Disini kalau saya lihat memanusiakan manusia melihat bahwa tindakan amoral, perilaku yang tidak mencerminkan budaya setempat dan perilaku lain yag dianggap diluar dari harapan umum dianggap tidak mencerminkan sifat manusia padahal sebenarnya itu juga merupakan bagian dari sifaf manusia yang tidak dapat dihindari.
Pemilihan diksi pada istilah ini juga menjadi suatu persoalan. Disini jelas ada semacam stereotip negatif terhadap golongan tertentu dan parahnya dianggap bukan manusia yang memang manusia atau dengan kata lain belum sepenuhnya manusia.

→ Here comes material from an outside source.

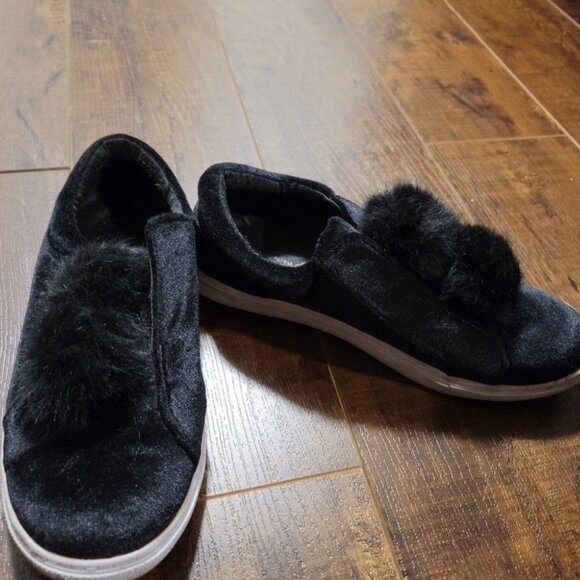 Girl's flats - Picture 2 of 2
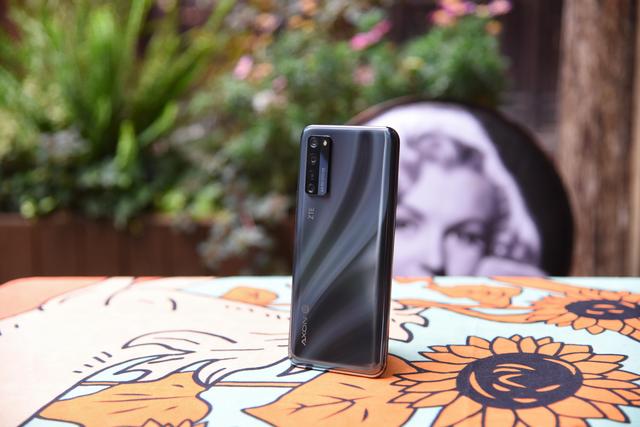 中兴A20屏下摄像手机初体验：第一个吃螃蟹没什么不好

Padahal manusia itu tidak bisa diukur tingkat kemanusiaannya dari taraf hidup atau kesejahteraan hidupnya melainkan kemanusiaannya ada secara otomatis. Saat manusia dilahirkan di dunia bahkan sejak masih dalam kandungan kemanusiaannya sudah ada secara kodrati dan sifatnya mutlak. Dan kemanusiaan ini tidak terbentuk dan tidak berkaitan dengan tingkat pendidikan dan kesejahteraan hidup secara ekonomi

Selain itu profesi tertentu tidak bisa dianggap buruk karena pada dasarnya baik dan buruknya sebuah profesi itu sangat tergantung dari masing-masing orang. Ada orang-orang tertentu yang tidak ingin jadi pengusaha tapi ingin jadi petani biasa yang hidup di desa, atau ada yang memang memilih untuk tidak bersekolah tetapi tetap belajar, ada juga yang memilih untuk hidup sederhana dari pada menjadi orang kaya
Jadi istilah “memanusiakan manusia” akan menjadi sangat berbahaya jika tidak mampu dijelaskan dengan benar. Namun, tujuan yang melatarbelakangi munculnya istilah ini patut diapresiasi.